Michelle Tam: The last couple of years, I have really leaned into being proud of being Asian American. One thing I’ve noticed talking to Henry about this — we may be one of the few Asian American authors of three New York Times bestselling cookbooks but nobody ever —
Henry Fong: Nobody ever identifies them as Asian first. They identify them as paleo first. And it is remarkable, because we do consider ourselves to have a lot of Asian influence in what we put out there.
The anti-Asian hate, it’s something we’ve thought about a lot. I remember being up in Portland with my younger son and us saying, “Hmm, do we really want to go downtown? We are Asian.” I’m thinking, that is not the way I want my kids to feel living in the United States, living in progressive areas on the West Coast.
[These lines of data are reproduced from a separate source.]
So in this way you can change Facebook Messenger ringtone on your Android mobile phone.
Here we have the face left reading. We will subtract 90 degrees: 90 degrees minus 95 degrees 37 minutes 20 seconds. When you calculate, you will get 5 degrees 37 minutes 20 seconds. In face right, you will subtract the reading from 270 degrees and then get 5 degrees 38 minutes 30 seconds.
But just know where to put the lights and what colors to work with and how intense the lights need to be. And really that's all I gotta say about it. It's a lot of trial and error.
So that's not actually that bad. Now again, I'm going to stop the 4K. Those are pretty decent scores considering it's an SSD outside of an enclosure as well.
How awful is it that you grow up thinking, “I can’t walk down the street?”
Michelle Tam: When our parents came in the late ‘60s and early ‘70s, it was all about assimilating, being a model minority and not making any waves —
Henry Fong: Trying to blend in with the dominant culture as quickly as you possibly could.
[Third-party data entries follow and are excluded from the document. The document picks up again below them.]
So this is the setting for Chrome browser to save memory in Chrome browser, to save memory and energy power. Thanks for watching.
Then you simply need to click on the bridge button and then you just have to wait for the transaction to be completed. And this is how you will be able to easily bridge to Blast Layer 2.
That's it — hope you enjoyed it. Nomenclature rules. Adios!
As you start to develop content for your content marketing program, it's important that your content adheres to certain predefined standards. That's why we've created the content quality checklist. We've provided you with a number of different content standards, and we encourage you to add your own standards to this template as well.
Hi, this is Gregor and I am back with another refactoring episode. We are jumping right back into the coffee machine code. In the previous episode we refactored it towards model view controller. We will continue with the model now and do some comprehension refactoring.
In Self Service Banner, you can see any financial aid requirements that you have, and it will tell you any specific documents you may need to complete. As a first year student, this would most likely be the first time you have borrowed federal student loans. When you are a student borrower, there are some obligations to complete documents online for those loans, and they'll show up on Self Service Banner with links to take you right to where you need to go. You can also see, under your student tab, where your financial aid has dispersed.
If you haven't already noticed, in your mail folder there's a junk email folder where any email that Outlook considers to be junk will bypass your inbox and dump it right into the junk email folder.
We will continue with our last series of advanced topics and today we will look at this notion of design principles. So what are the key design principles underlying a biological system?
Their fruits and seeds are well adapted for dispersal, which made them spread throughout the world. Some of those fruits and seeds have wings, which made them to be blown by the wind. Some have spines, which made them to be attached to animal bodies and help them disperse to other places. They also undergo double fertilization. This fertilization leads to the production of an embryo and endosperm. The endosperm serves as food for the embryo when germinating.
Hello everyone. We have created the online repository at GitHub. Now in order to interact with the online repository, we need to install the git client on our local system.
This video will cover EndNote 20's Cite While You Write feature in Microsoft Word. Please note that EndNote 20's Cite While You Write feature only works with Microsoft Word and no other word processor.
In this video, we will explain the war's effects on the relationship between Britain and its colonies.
Michelle Tam: Yeah. And so what I love now is that everybody is super proud of being Asian American, and that we are Americans. We aren’t others, which I think we’ve been categorized as forever.
Henry Fong: In the past, I don’t know that we would have been as mindful about explaining, “Where does this particular dish come from?” This is an Indian dish. It’s an egg masala that we got from a friend who’s Parsi. This is the heritage that it comes from, here’s the story behind it.
Our editor asked us about dan tat, Cantonese, or Hong Kong egg tarts. And they were like, “Can we just call them Chinese egg tarts?” And we’re like, “No, because actually, they originated in Hong Kong. They’re the product of a fusion between the Portuguese in Macau, English and Chinese influences. It’s a very specific thing.”
Being able to say that out loud, put it in a book and try to educate folks about the provenance of foods from a very diverse Asian community is actually something that I’m very proud of.